→ **Work instruction**
Going through the material below, output exactly the lines from the one containing "So we're going" through the one containing "And as we go", and no pictures.

→ **Collected data**
────────────────

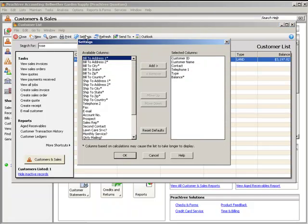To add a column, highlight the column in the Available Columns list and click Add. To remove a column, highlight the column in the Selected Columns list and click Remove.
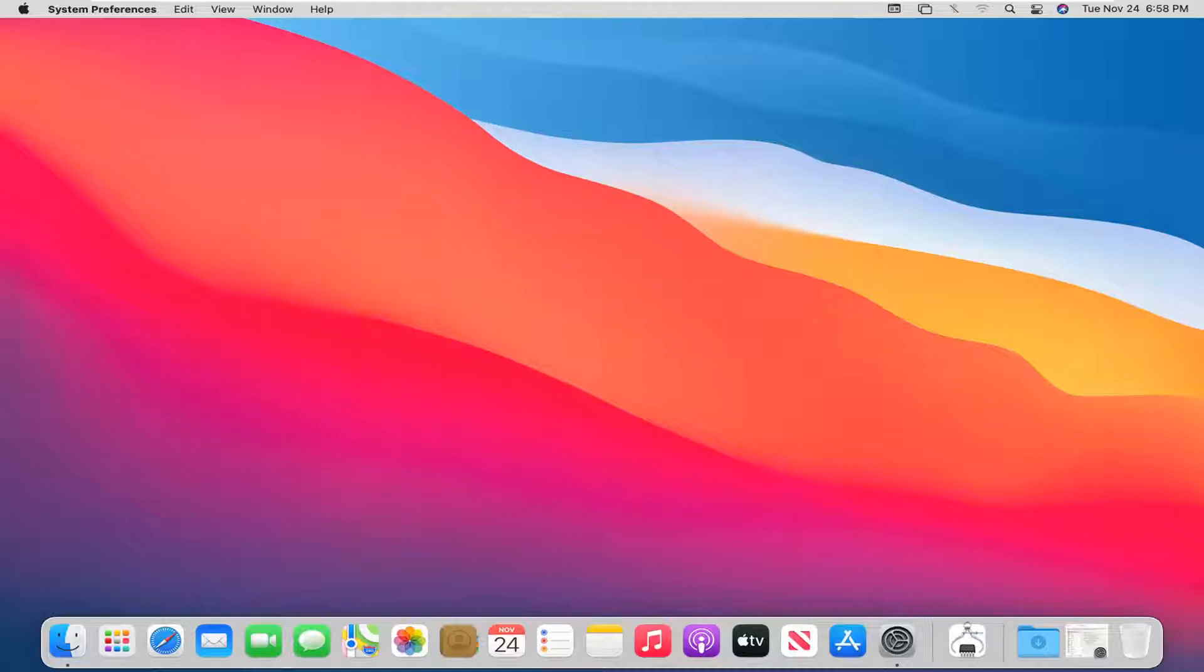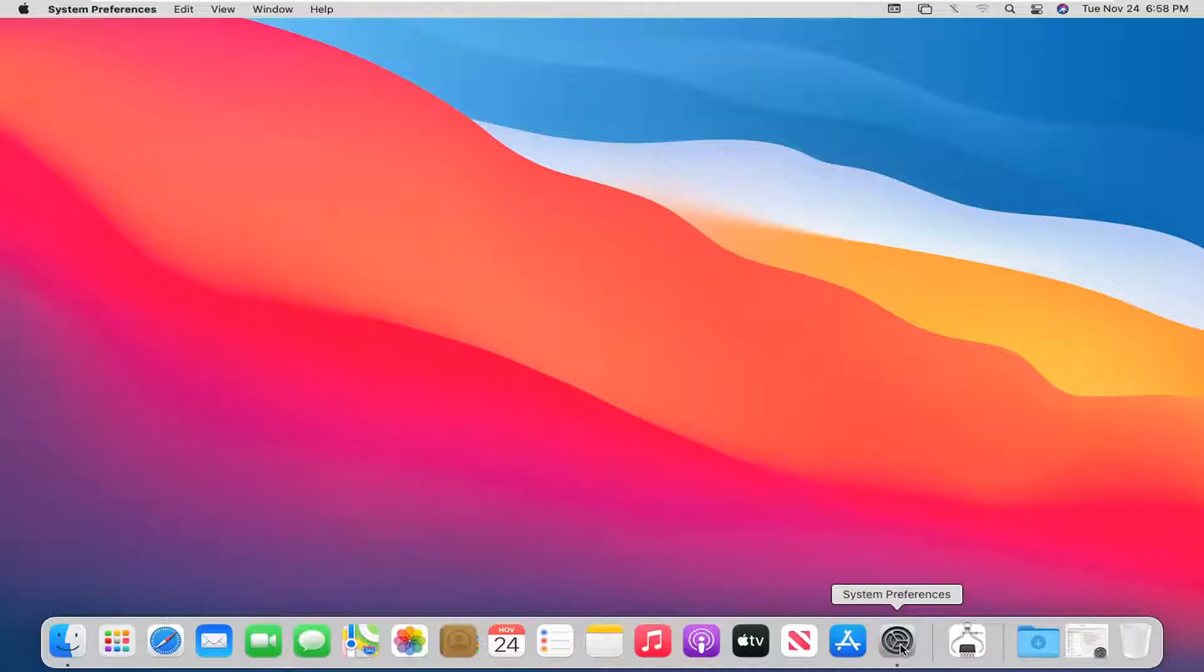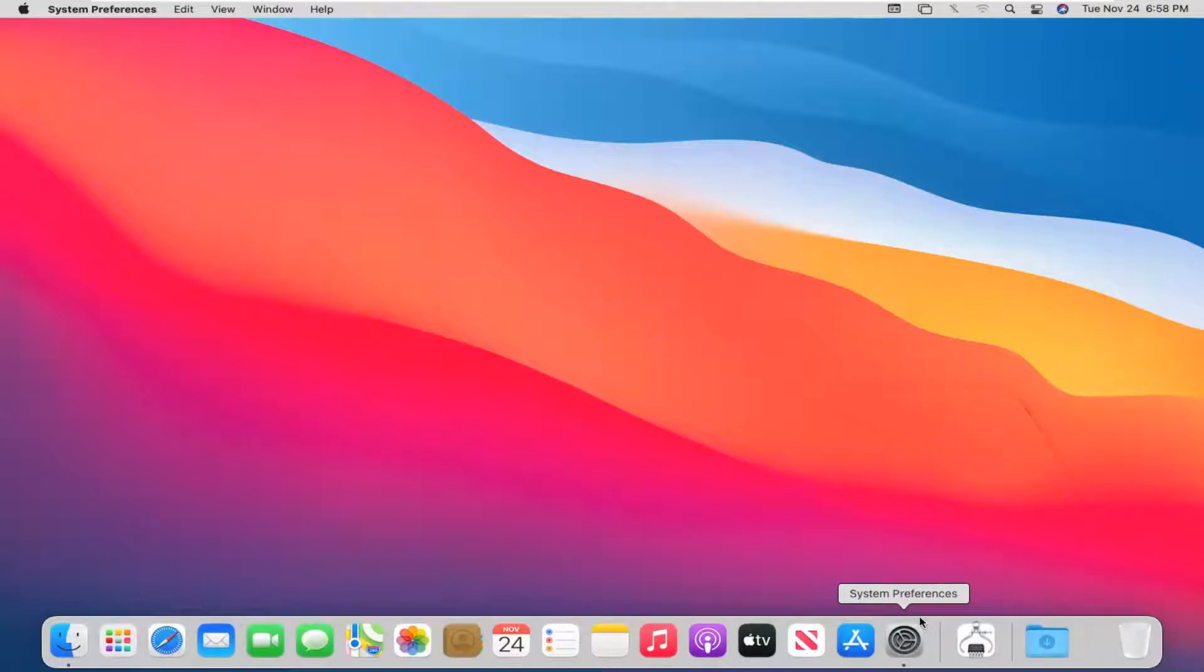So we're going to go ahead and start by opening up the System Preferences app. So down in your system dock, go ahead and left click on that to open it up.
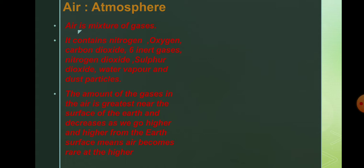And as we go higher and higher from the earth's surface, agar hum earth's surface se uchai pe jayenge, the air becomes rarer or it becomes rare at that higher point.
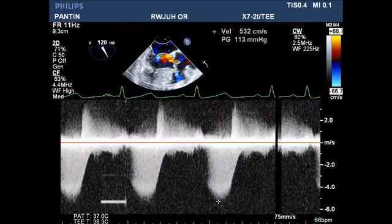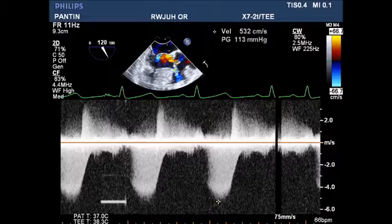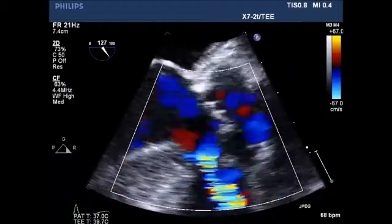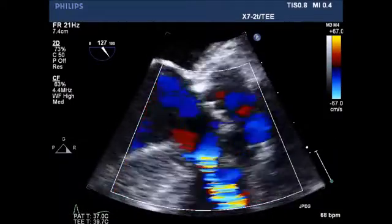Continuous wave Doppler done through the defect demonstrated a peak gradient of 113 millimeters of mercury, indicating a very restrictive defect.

────────────────

→ **Answer to this exercise**
So we're going to go ahead and start by opening up the System Preferences app. So down in your system dock, go ahead and left click on that to open it up.
And as we go higher and higher from the earth's surface, agar hum earth's surface se uchai pe jayenge, the air becomes rarer or it becomes rare at that higher point.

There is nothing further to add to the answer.